Now they’re bringing the party to Gillette Stadium, where the U.S. Men’s National Team will host Haiti in the group stage of the CONCACAF Gold Cup on July 10.
Dan Wiersema, who founded the popular “Free Beer Movement” and handles communications for the American Outlaws, didn’t have the exact figures on how many tickets AO had purchased for the U.S.-Haiti match, but he did say the supporters’ section in Foxborough would be significant – he estimated more than 1,000 fans and counting as of mid-May.
“I do know it’s going to be a sizeable number,” he said.
The Outlaws are throwing that kind of support behind the Gold Cup for many reasons, not the least of which is the opportunity for the U.S. to once again claim regional supremacy over their most heated rivals – Costa Rica, Panama, Honduras and, above all else, Mexico.
Earning regional bragging rights over El Tri is reason enough for the tournament to be of utmost importance, but on a larger scale, there are global implications for the Gold Cup, as well.
“The U.S. won (the Gold Cup) in 2013. If we win it again, we have an automatic path to the Confederations Cup,” Wiersema said, referencing the prestigious competition which will take place in 2017 as a precursor to the 2018 FIFA World Cup in Russia. “The last time we participated in that, we shocked Spain and we took Brazil to the ropes.

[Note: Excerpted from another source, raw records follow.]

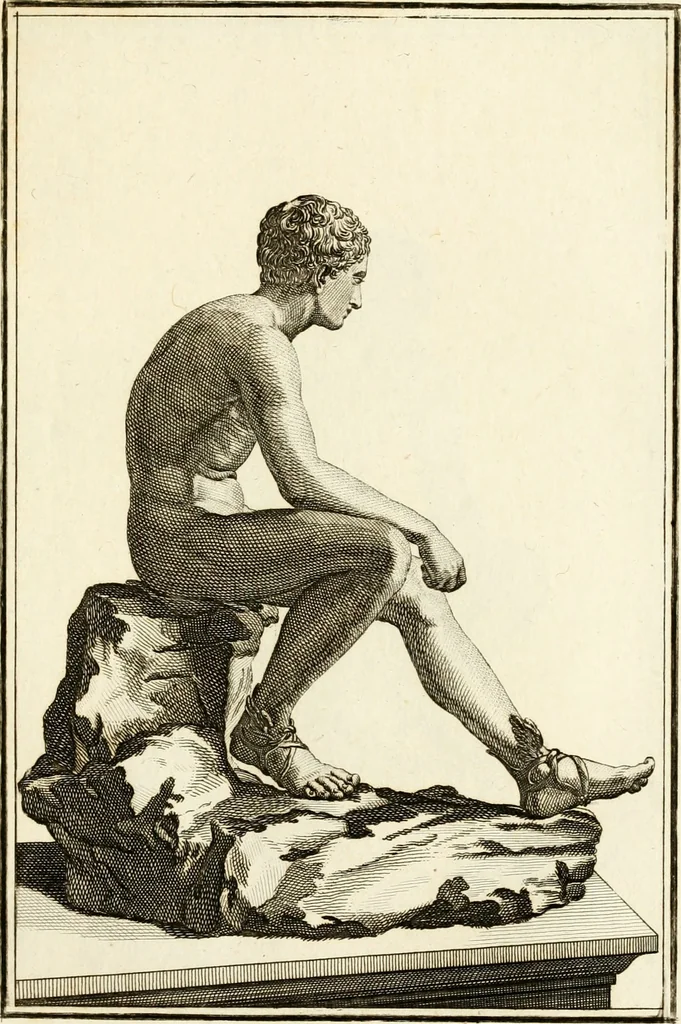 An illustration from Les antiquités d'Herculanum : avec leurs explications en françois, 1780, leaf 68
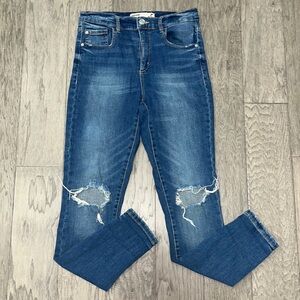 Garage Retro High Waist Jeans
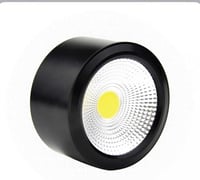 كشاف سلندر 3بوصه 10Wوات جرم اسود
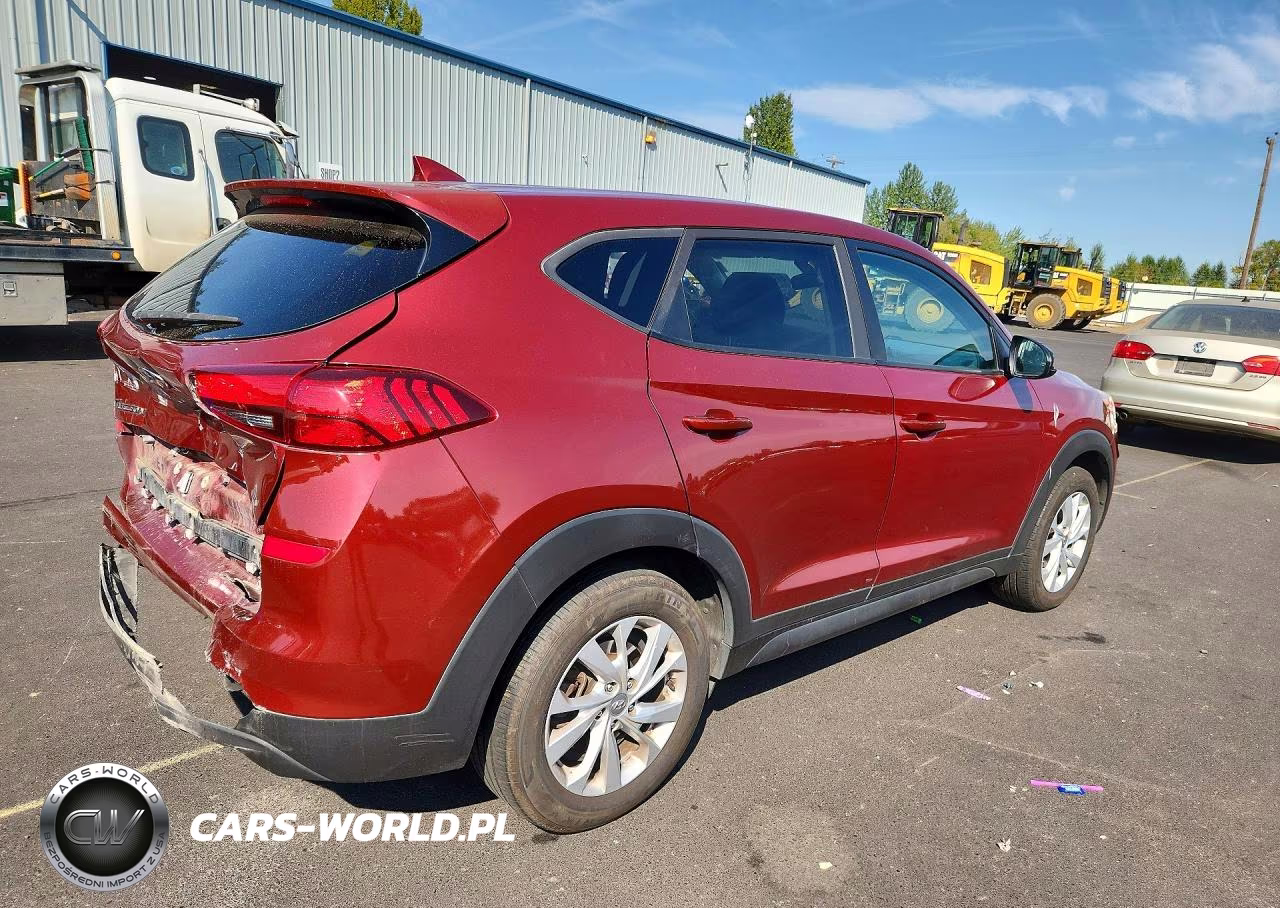2019 Hyundai Tucson Se VIN:KM8J2CA46KU914908 - 3
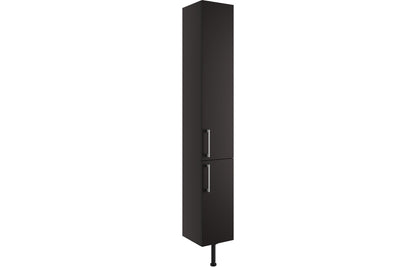 Atlas 300mm 2 Door Tall Unit - Matt Graphite Grey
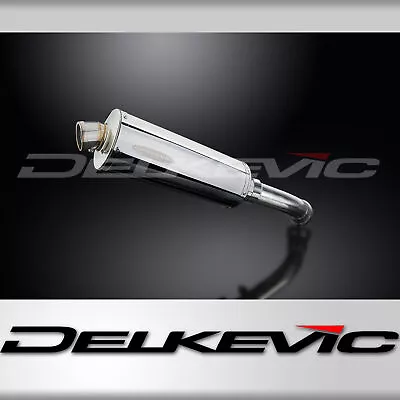 BMW K1200 GT 2006-2009 350mm OVAL STAINLESS BSAU SILENCER EXHAUST KIT • $186.49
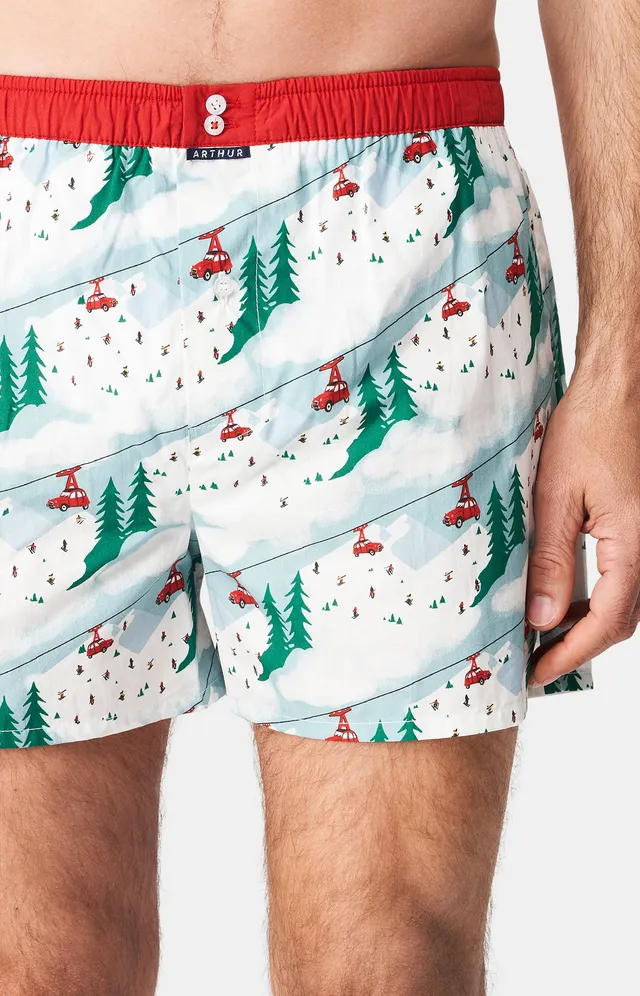 arthur-le-club-1120-cale-on-homme-blanc-coton-bio image 1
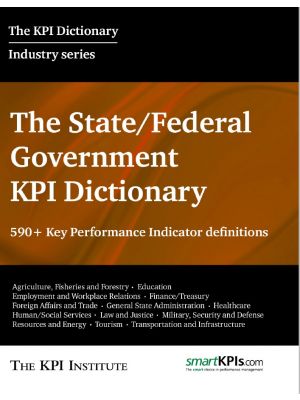 The State Government KPI Dictionary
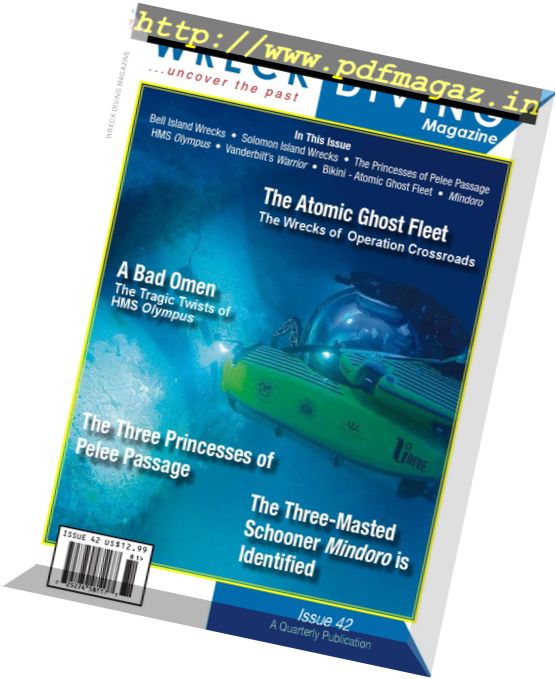 Wreck Diving Magazine – January 2018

“So [the Gold Cup] is a gateway to regional bragging rights, but also a gateway to a global competition.”
The U.S. will face Haiti on July 10 in the second of three group-stage matches, while the two other teams in Group A – Honduras and 2013 runners-up Panama – will play beforehand as part of a doubleheader.
It’ll be the first time the U.S. National Team has played at Gillette Stadium under the direction of Jurgen Klinsmann – having last visited Foxborough for a friendly against Spain in 2011 – and the ninth time the Americans have played a Gold Cup match at the venue, where they’re 6-0-2 in the competition.
Overall the U.S. National Team is 16-2-5 in Massachusetts (9-2-2 at Gillette Stadium), and at least part of the credit must go to the fantastic support local fans have provided.
“The Boston chapter and the New England chapters are two of our largest and strongest,” Wiersema said. “Any time we’re in the region, we know that hundreds or thousands of members are going to come out and support the U.S. We love the New England area.”